St. Thomas football coach Glenn Caruso has seen a lot in his 17 seasons there, and more than another decade before that.

Until the last two weeks, he hasn't seen his team's defense twice punch the ball free near their own goal line only to watch the opponent scoop up the bounding ball and run into the end zone for the touchdown.

Division II Sioux Falls did it last week in its season-opening 34-13 victory over the Tommies, a performance Caruso on Saturday called "gross" in retrospect.

A Northern Iowa team that trounced the transitioning Division I Tommies 44-3 three years ago scored that way Saturday, too. This time, the Panthers, who are playing at Nebraska and Hawaii the next two weeks, scored the winning touchdown that way with fewer than three minutes left in their 17-10 comeback victory at O'Shaughnessy Stadium.

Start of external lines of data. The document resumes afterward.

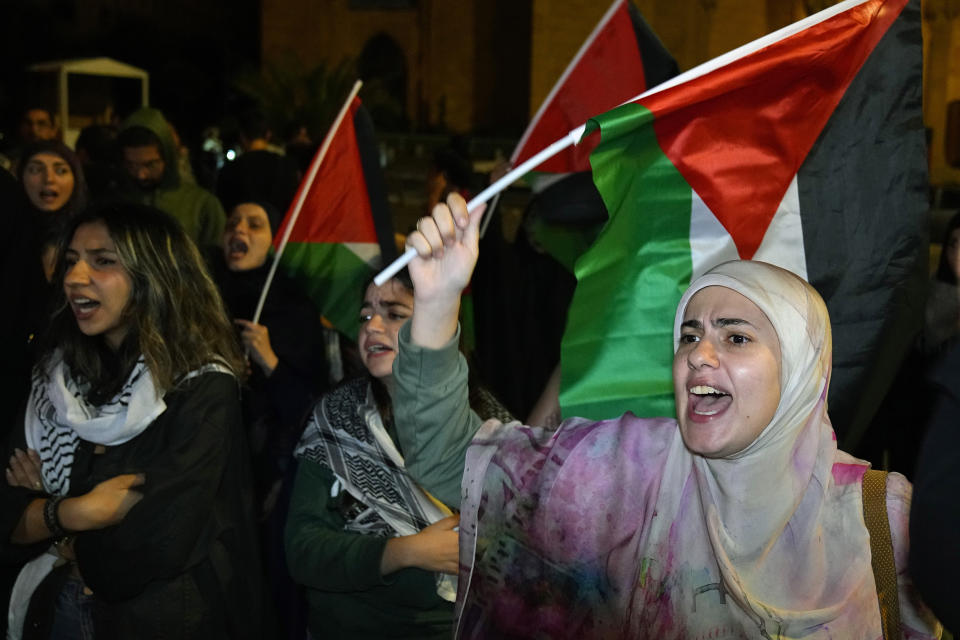 Demonstrators chant slogans during a protest in solidarity with the Palestinian people in Gaza, at Martyrs' Square in downtown Beirut, Lebanon, Tuesday, Oct. 17, 2023. Groups of protesters roamed the city on motorcycles and gathered outside the French embassy, and the headquarters of the U.N. Economic and Social Commission for Western Asia. They were unable to reach the heavily fortified U.S. embassy compound in the hills north of Beirut. (AP Photo/Bilal Hussein)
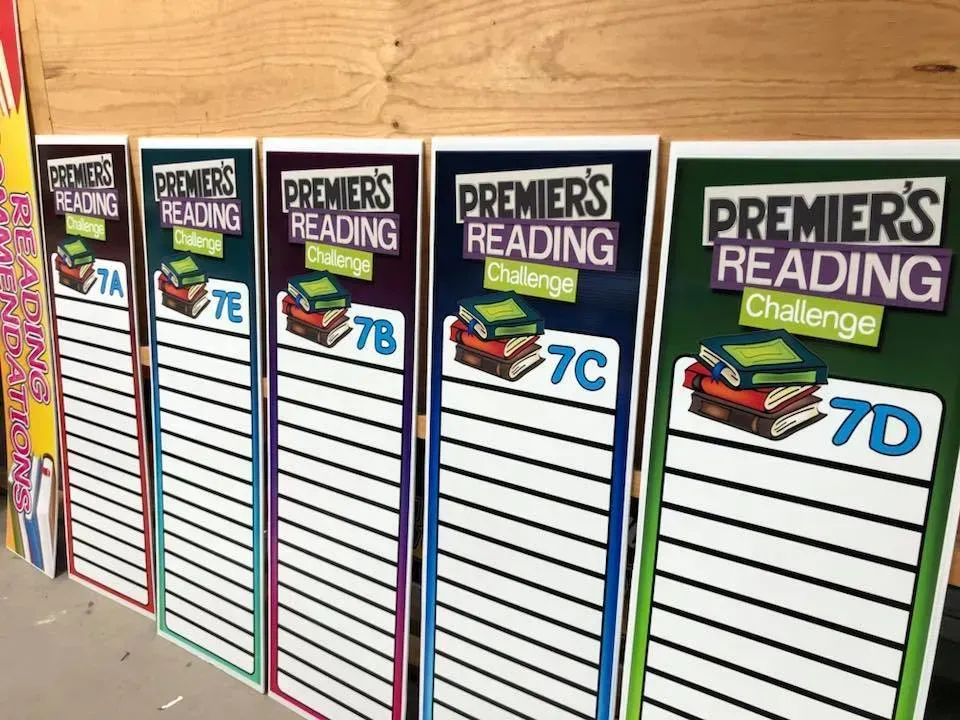 A row of signs for the premier 's reading challenge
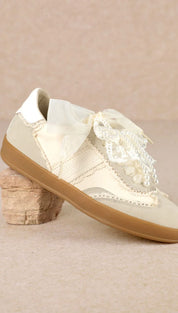 Cream lace brogue shoe with gum sole and bow detail.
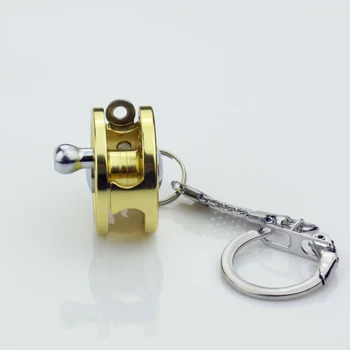 Mini Žuvų Varantys Keychain Aukso Skristi Žvejys Verpimo Charactor Miniatiūriniai Žvejybos Ritės Key Chain Automobilių Paketų Prižiūrėtojų Raktinę Priedai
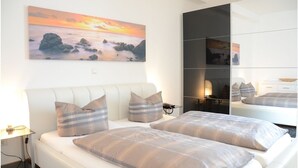 Un dormitorio moderno con una cama grande, una mesita de noche, una lámpara y un cuadro de una puesta de sol sobre rocas.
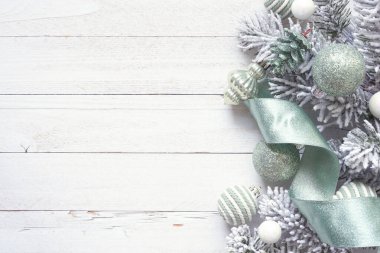 Yumuşak yeşil süsler, kurdele ve karlı ağaç dallarından oluşan bir Noel kenarı. Beyaz ahşap arka planda tepeden aşağı manzara. Boşluğu kopyala.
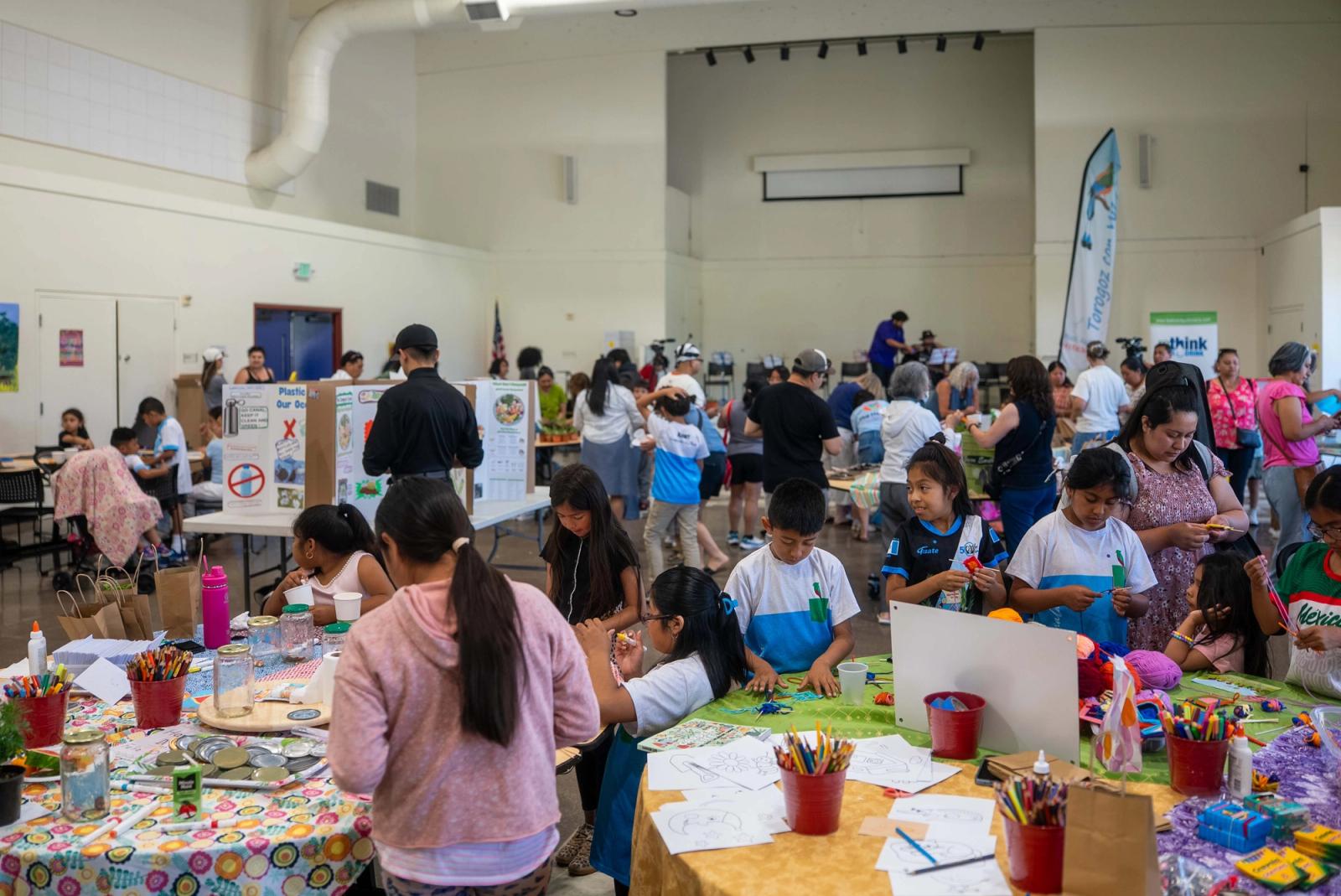 Visitors gathered around activity tables at Green Fest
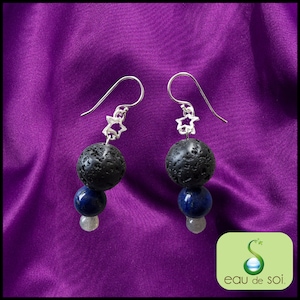 Peut inclure: Une paire de boucles d'oreilles en argent avec un charme en forme d'étoile et trois perles. La perle du haut est en lave noire, la perle du milieu est en lapis-lazuli bleu foncé et la perle du bas est en pierre de lune gris clair.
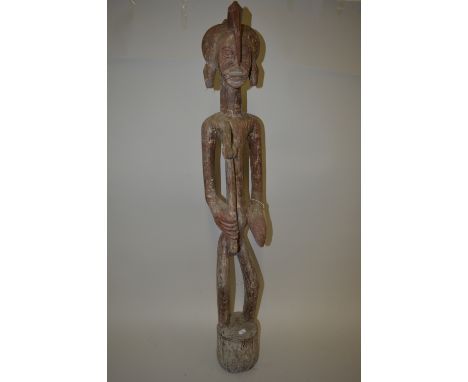 A CARVED WOODEN DEBLE, from the Ivory Coast, male figure holding an axe with horned headgear, approximate height 110cm x 20cm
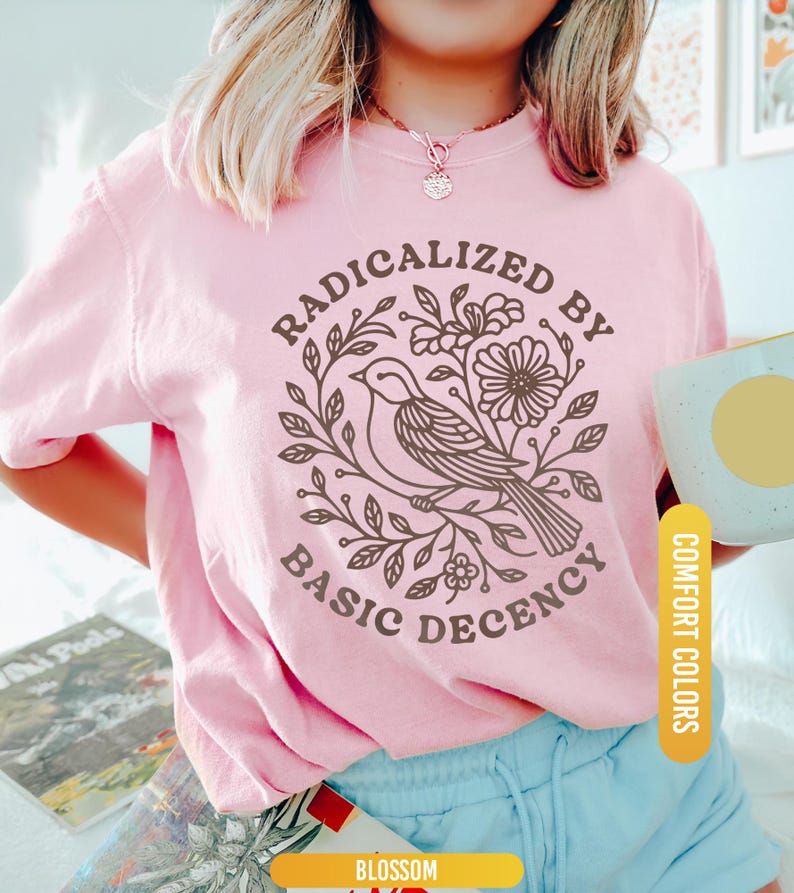 May include: A light pink t-shirt with the words "RADICALIZED BY BASIC DECENCY" surrounding a bird and floral design in brown. The shirt is labeled "Blossom" and "Comfort Colors".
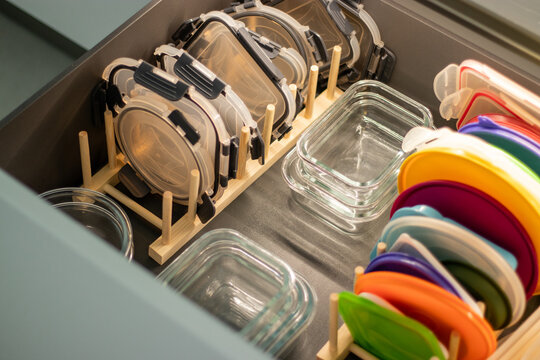 Organized kitchen drawer containing glass food storage containers with colorful lids and plastic containers neatly arranged on wooden dividers for efficient storage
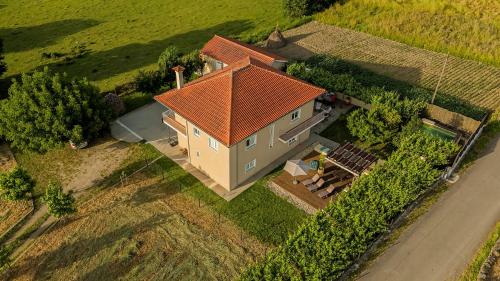 an overhead view of a house with a red roof at Just Like Home - Casa Antonio em Paredes de Coura in Paredes de Coura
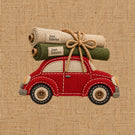 Embroidered patch of a red vintage car carrying two rolled fabric samples labeled 'Just Fabrics' tied with a rope, on a beige burlap-textured background.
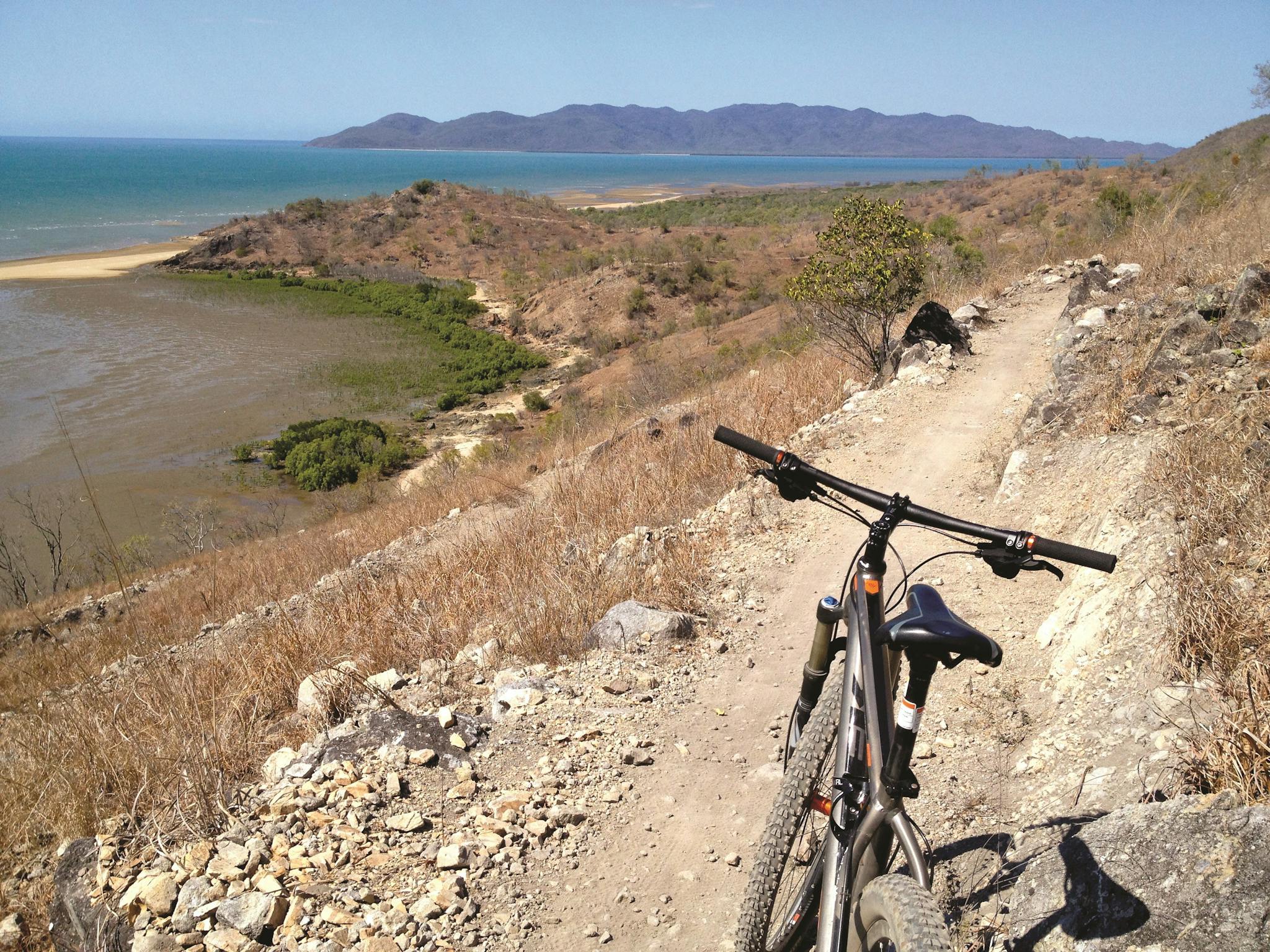 Mountain bike parked on dirt trail winding around a hill slope with a view over headland, ocean Mountain bike parked on dirt trail winding around a hill slope with a view over headland, ocean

"I've been doing this 29 seasons now, and I've been here for a lot," Caruso said. "Those are the odds. It's happened to us once in the last 16 years and now twice in two weeks. Our goal-line defense, we get 11 guys to the football. If we catch the bad side of this, it is what it is. The process is right: the way we play defense, the way we stop the ball, punching it the way out. Those are things we can control. I'm not going to spend time on things we can't control, like how it bounces.

"The commitment to grow between Week 1 and 2 was immense. If we're willing to do that the next 11, 12 weeks, we have a shot to be a pretty decent team."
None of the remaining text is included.